Are you spending more than three hours a day thinking about
healthy food?
Are you planning tomorrow's menu today?
Is the virtue you feel about what you eat more important
than the pleasure you receive from eating it?
Has the quality of your life decreased as the quality of
your diet increased?
Have you become stricter with yourself?
Does your self-esteem get a boost from eating healthy? Do
you look down on others who don't eat this way?
Do you skip foods you once enjoyed in order to eat the
"right" foods?
Does your diet make it difficult for you to eat anywhere but
at home, distancing you from friends and family.
Do you feel guilt or self-loathing when you stray from your
diet?
When you eat the way you're supposed to, do you feel in
total control?
If you answered yes to two or three of these questions, you
may have a mild case of orthorexia. Four or more means that you need to relax
more when it comes to food. If all these items apply to you, you have become
obsessed with food. So where do you go from there?
Treatment involves "loosening the grip," Bratman
tells WebMD. "I begin by agreeing that the diet is important, but also
saying, 'Isn't it also important in life to have some spontaneity, some
enjoyment?'"
For most people, he says, making the change is a big step.

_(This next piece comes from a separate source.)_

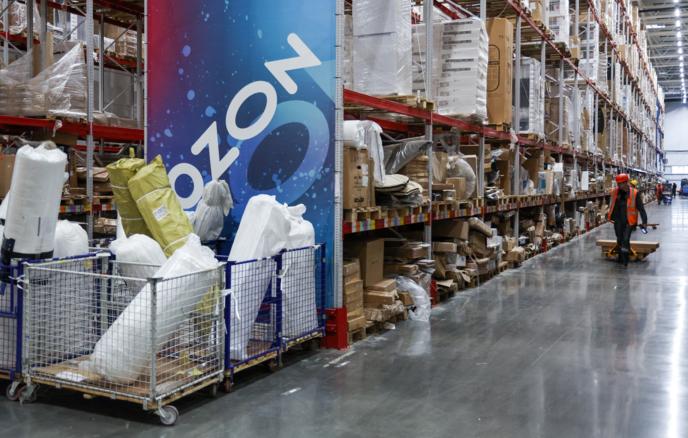 Налет дронов на Оренбург: с объекта Ozon эвакуировали 300 человек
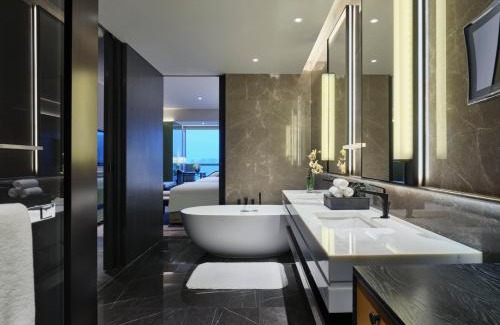 Weiyang Hotel | InterContinental Xi'an North by IHG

"It doesn't happen in just one session. Once people recognize it, it's
still very hard to change. It's been so long since they've eaten spontaneously.
They don't know where to start. It's very tricky."
Bratman notes that sometimes orthorexia overlaps with a
psychological problem like obsessive-compulsive disorder. Still, he thinks
orthorexia "is its own illness as well."
Julie B. Clark-Sly, PhD, a psychologist at the Foundation
for Change, a small medical facility in Orem, Utah, sees a common thread in
orthorexia and other disorders. "It's being fixated on the food and having
a limited range of what they eat -- that's very similar to what anorexic women
do," Clark-Sly tells WebMD. "They do eat, but they don't eat fat, and
they really restrict themselves calorie-wise. They say what they're doing is
healthy, but they fool themselves. It becomes an emotional disorder."